Data in this exercise:
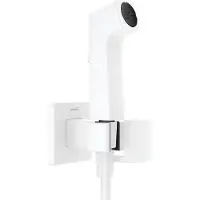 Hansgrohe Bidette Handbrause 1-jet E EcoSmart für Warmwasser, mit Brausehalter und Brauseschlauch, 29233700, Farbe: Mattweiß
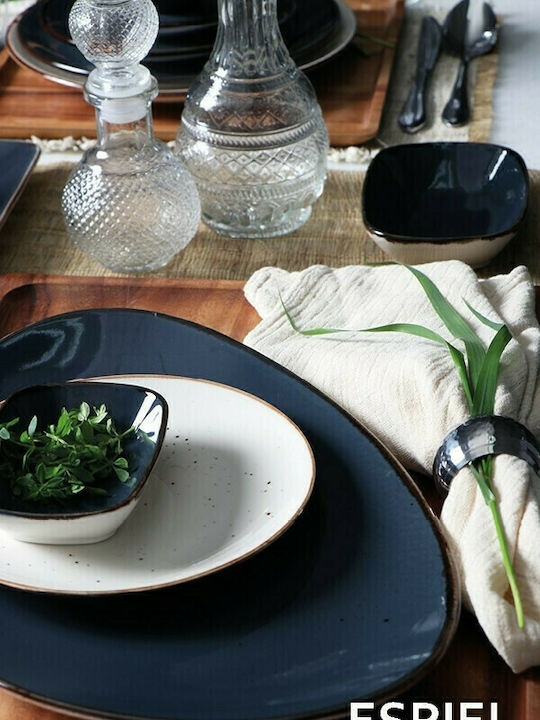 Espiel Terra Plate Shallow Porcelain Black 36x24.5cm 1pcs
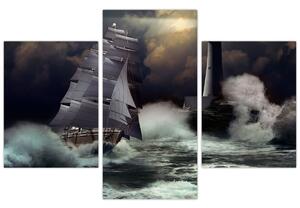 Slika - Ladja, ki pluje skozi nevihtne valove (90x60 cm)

---

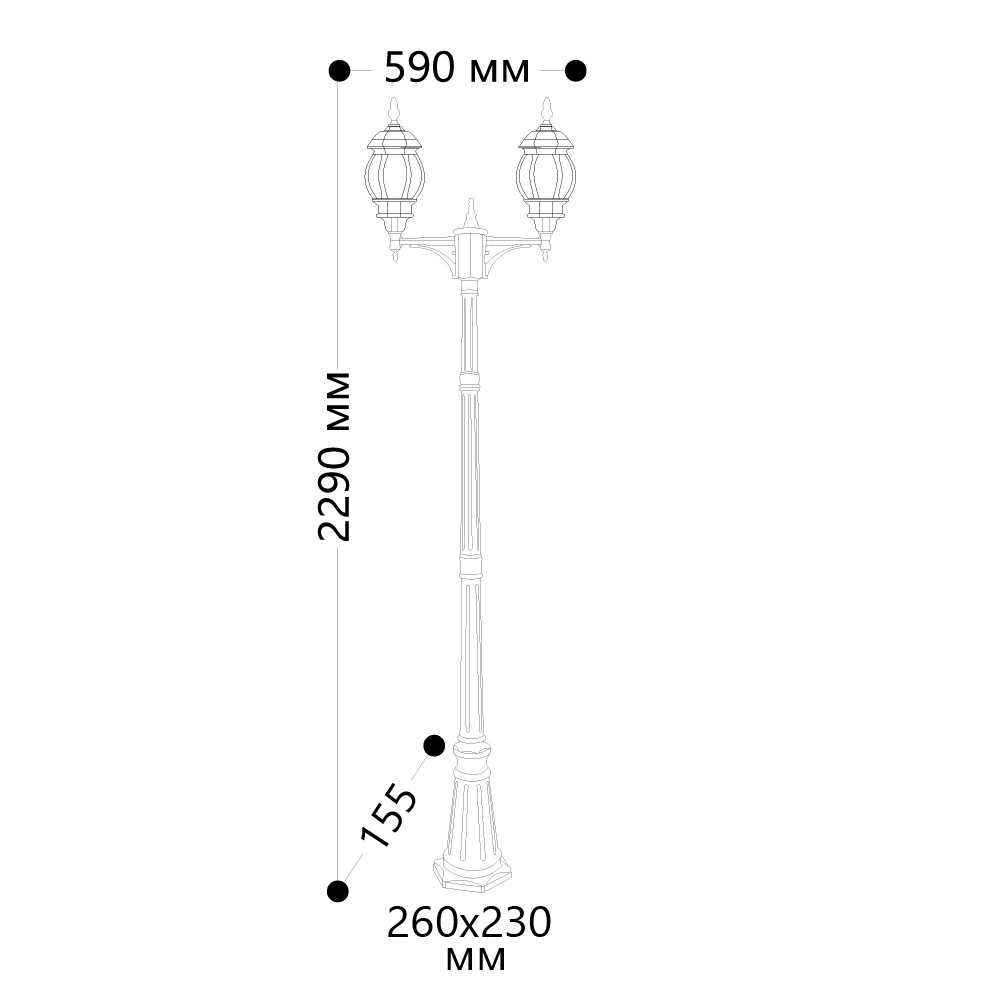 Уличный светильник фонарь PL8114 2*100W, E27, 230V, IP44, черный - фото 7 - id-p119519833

Assignment: An exact copy is needed of the stretch above that opens with the line containing "Hansgrohe Bidette Handbrause" and closes with the line containing "Slika - Ladja, ki"; the pictures are not part of it.

Answer section:
 Hansgrohe Bidette Handbrause 1-jet E EcoSmart für Warmwasser, mit Brausehalter und Brauseschlauch, 29233700, Farbe: Mattweiß
 Espiel Terra Plate Shallow Porcelain Black 36x24.5cm 1pcs
 Slika - Ladja, ki pluje skozi nevihtne valove (90x60 cm)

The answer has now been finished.